* **Task prompt**
Please copy exactly the line that contains "Fuse box PEUGEOT" and every line after it through the end of the records, leaving the pictures out.

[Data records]
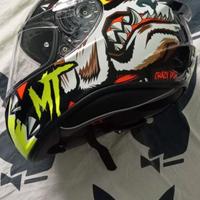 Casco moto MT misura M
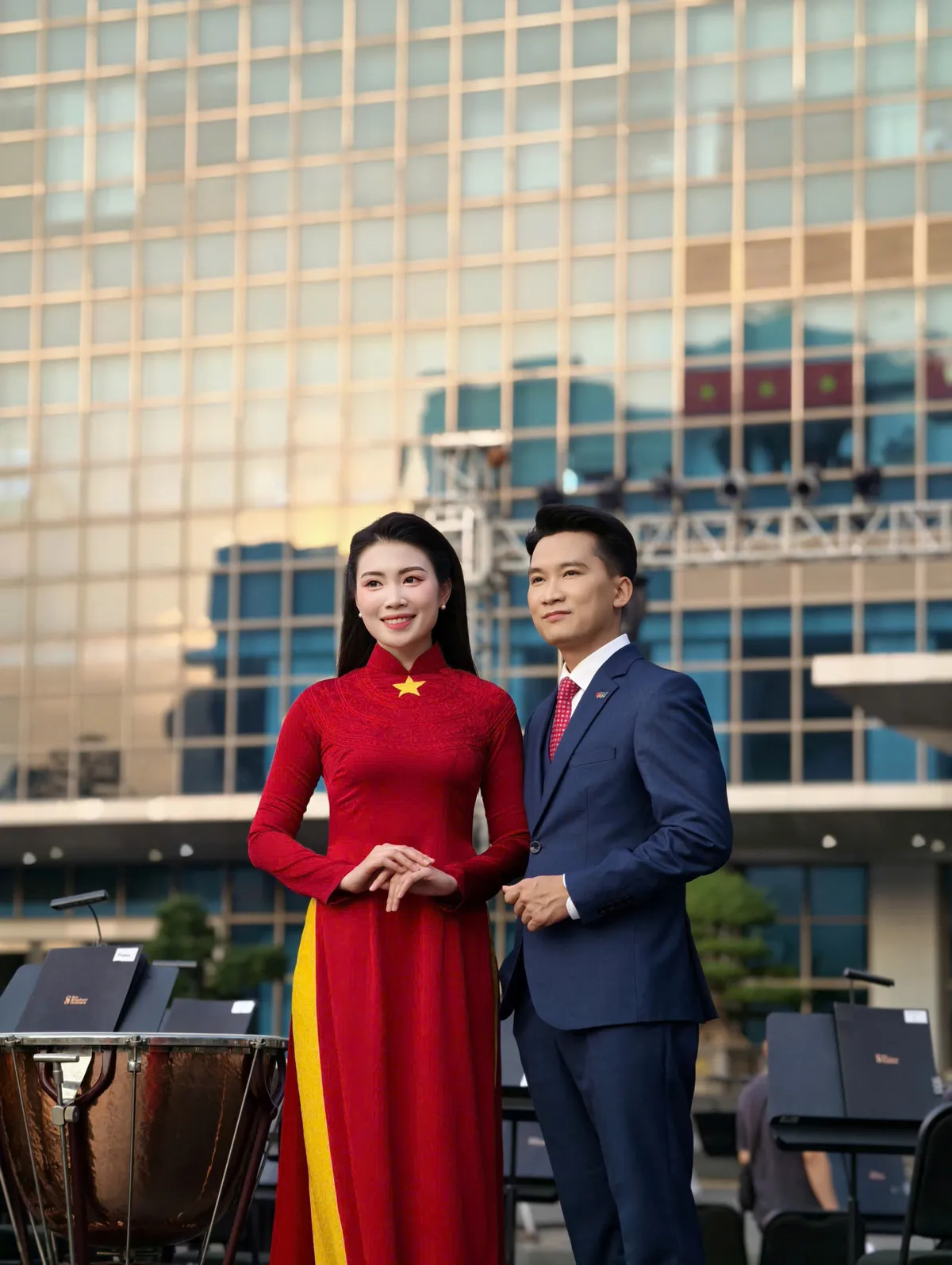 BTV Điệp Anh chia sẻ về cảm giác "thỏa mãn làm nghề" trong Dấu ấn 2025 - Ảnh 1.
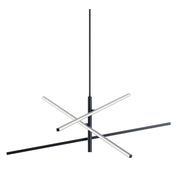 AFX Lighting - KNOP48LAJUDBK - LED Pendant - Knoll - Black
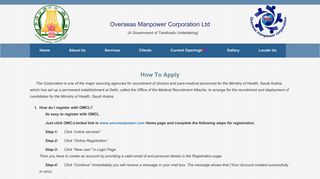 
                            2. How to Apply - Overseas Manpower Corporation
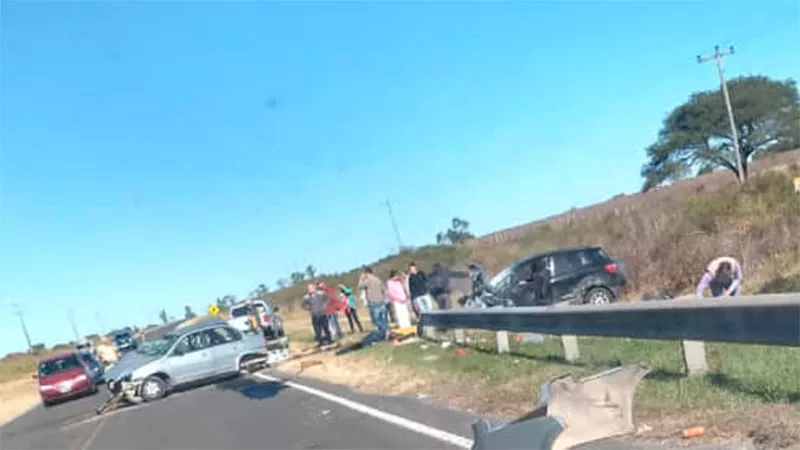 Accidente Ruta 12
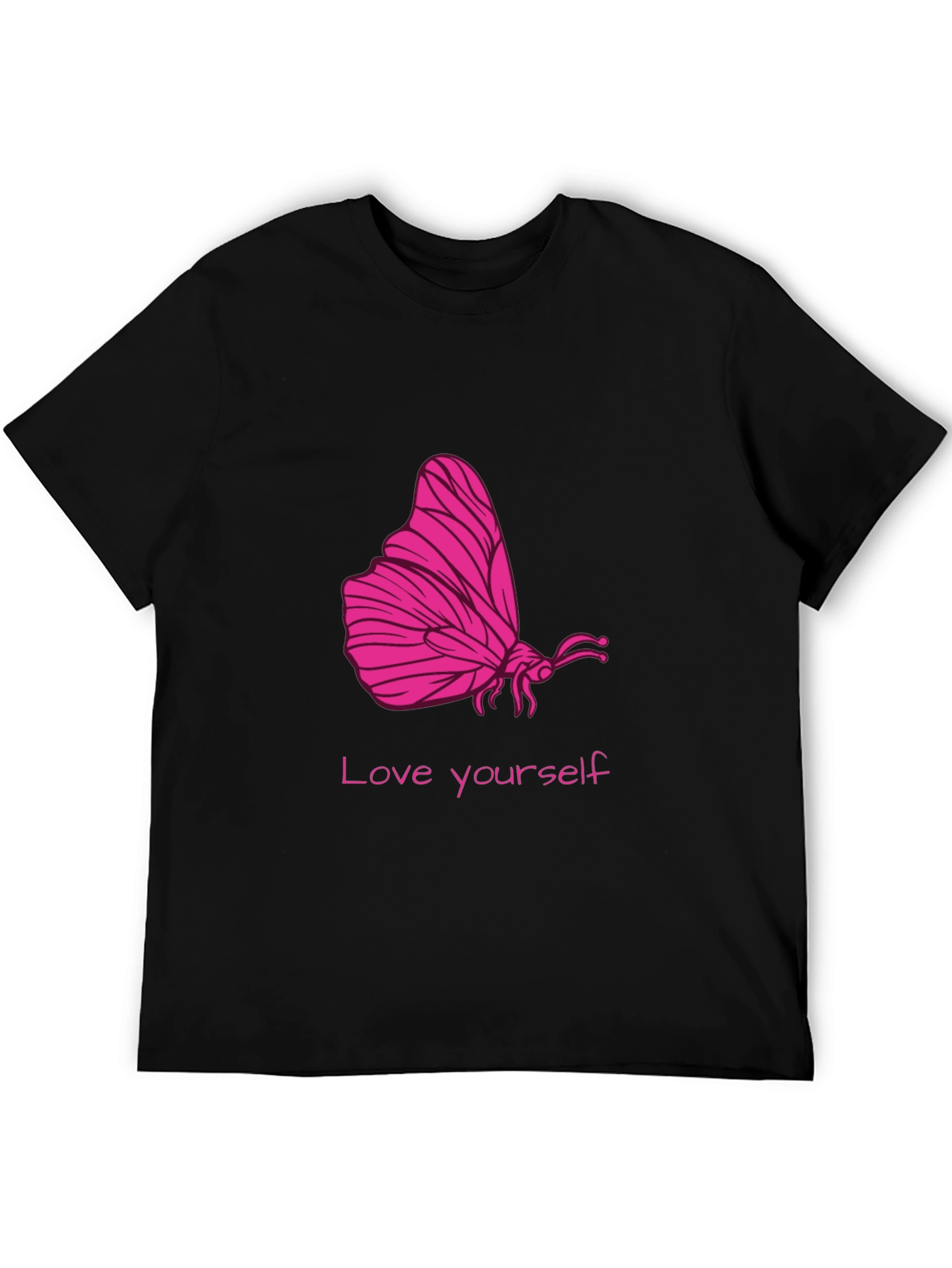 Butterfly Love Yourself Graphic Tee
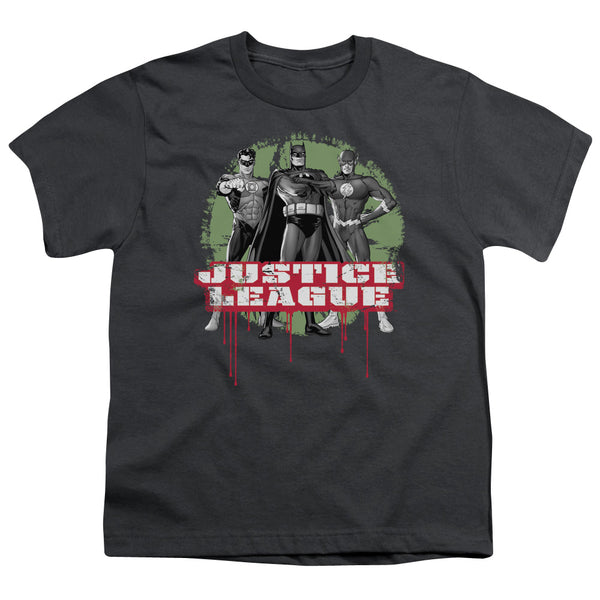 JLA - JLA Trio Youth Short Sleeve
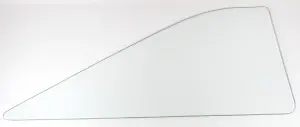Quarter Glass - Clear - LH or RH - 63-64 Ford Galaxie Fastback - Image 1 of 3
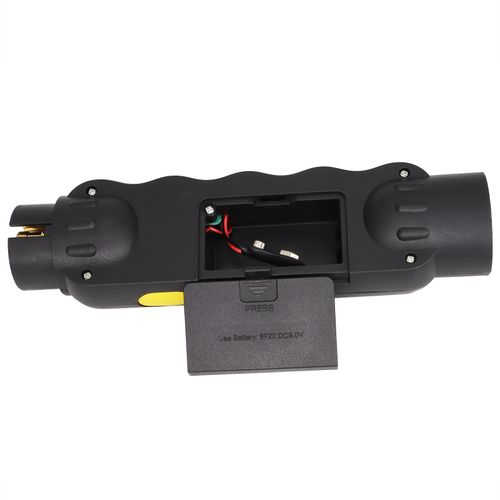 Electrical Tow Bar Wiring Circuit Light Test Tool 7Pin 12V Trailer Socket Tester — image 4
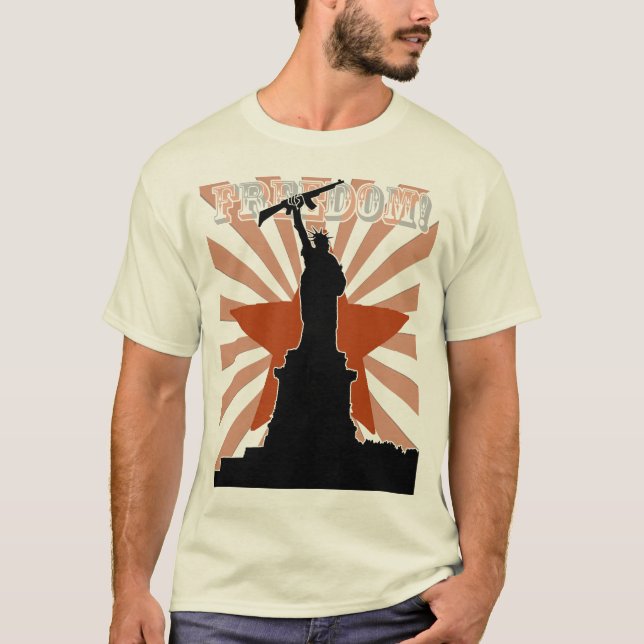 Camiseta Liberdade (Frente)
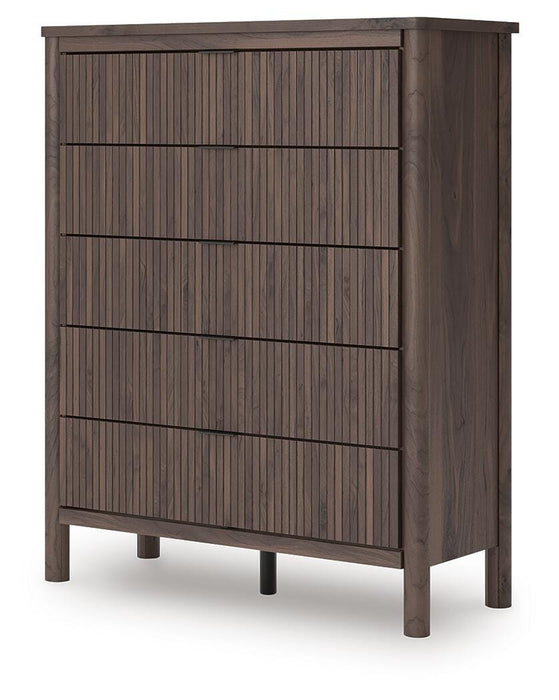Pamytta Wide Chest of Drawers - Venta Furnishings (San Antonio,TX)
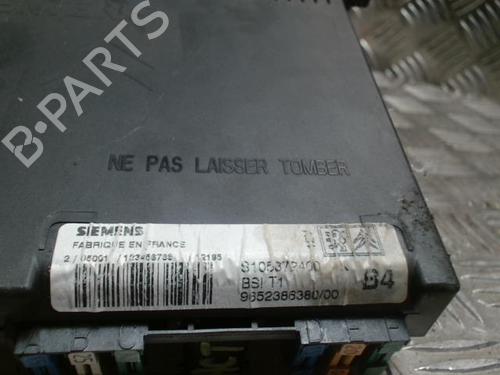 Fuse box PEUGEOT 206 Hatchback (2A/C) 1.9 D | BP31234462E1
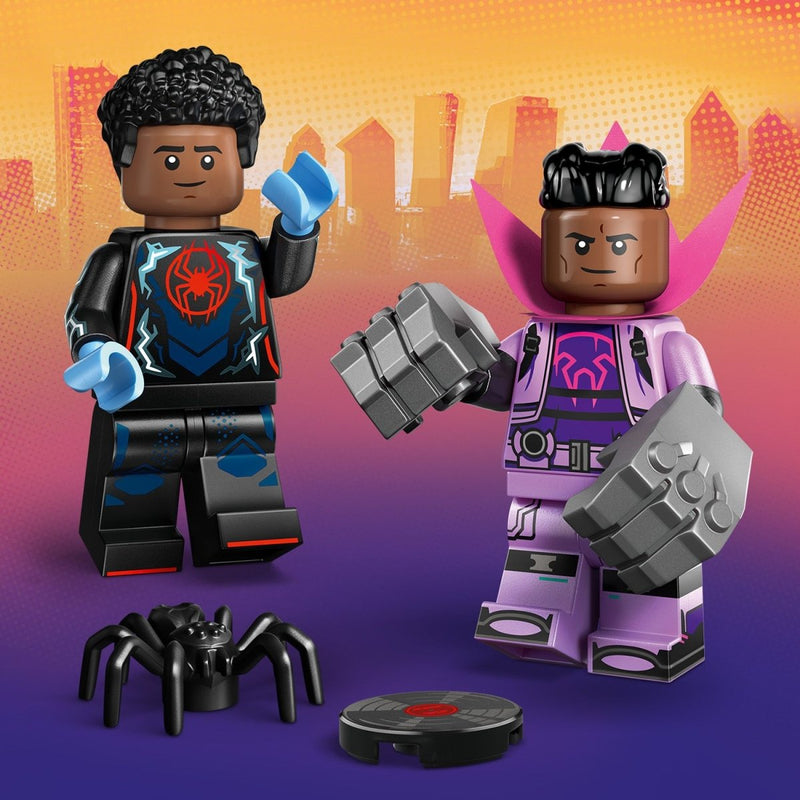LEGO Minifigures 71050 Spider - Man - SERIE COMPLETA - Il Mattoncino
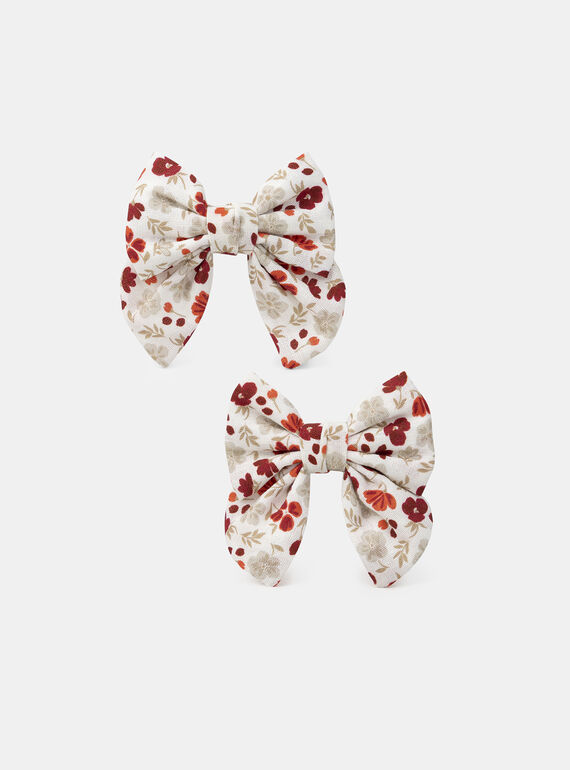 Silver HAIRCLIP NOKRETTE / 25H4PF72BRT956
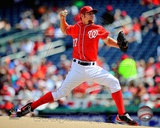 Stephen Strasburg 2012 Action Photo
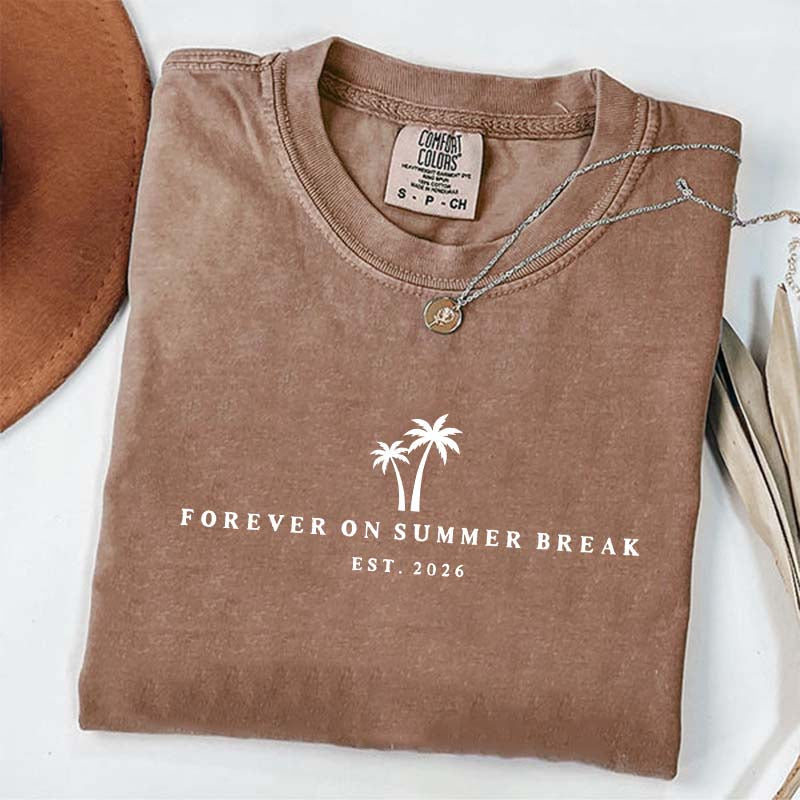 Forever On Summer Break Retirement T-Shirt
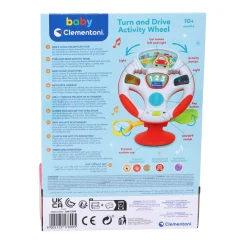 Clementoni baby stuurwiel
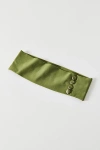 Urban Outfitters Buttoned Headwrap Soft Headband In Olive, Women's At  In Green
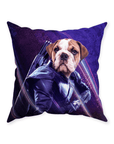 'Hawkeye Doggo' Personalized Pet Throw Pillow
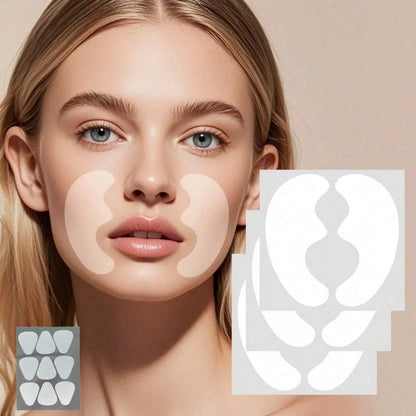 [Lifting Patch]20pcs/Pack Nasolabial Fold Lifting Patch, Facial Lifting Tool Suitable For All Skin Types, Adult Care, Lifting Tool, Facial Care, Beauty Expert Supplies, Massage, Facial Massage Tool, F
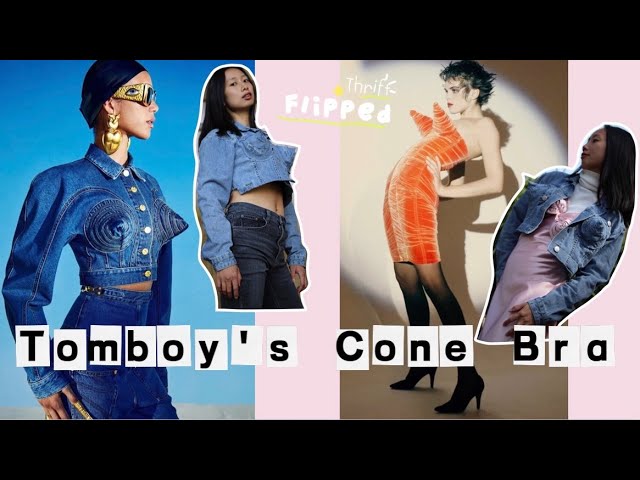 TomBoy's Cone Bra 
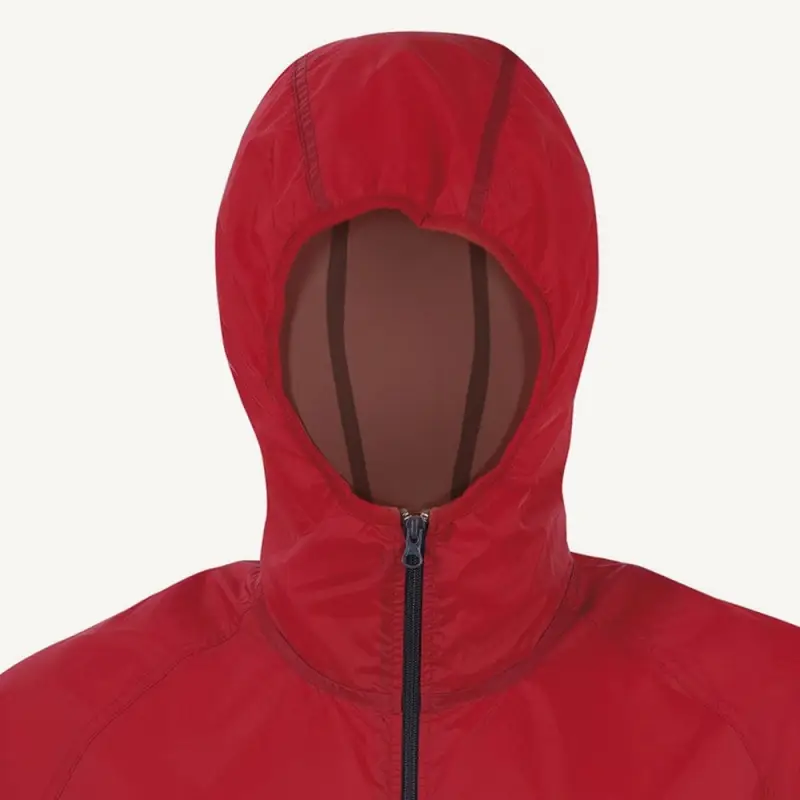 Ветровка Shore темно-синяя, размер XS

* **Answer for the task**
 Fuse box PEUGEOT 206 Hatchback (2A/C) 1.9 D | BP31234462E1
LEGO Minifigures 71050 Spider - Man - SERIE COMPLETA - Il Mattoncino
 Silver HAIRCLIP NOKRETTE / 25H4PF72BRT956
 Stephen Strasburg 2012 Action Photo
 Forever On Summer Break Retirement T-Shirt
 Clementoni baby stuurwiel
 Urban Outfitters Buttoned Headwrap Soft Headband In Olive, Women's At  In Green
 'Hawkeye Doggo' Personalized Pet Throw Pillow
 [Lifting Patch]20pcs/Pack Nasolabial Fold Lifting Patch, Facial Lifting Tool Suitable For All Skin Types, Adult Care, Lifting Tool, Facial Care, Beauty Expert Supplies, Massage, Facial Massage Tool, F
 TomBoy's Cone Bra 
 Ветровка Shore темно-синяя, размер XS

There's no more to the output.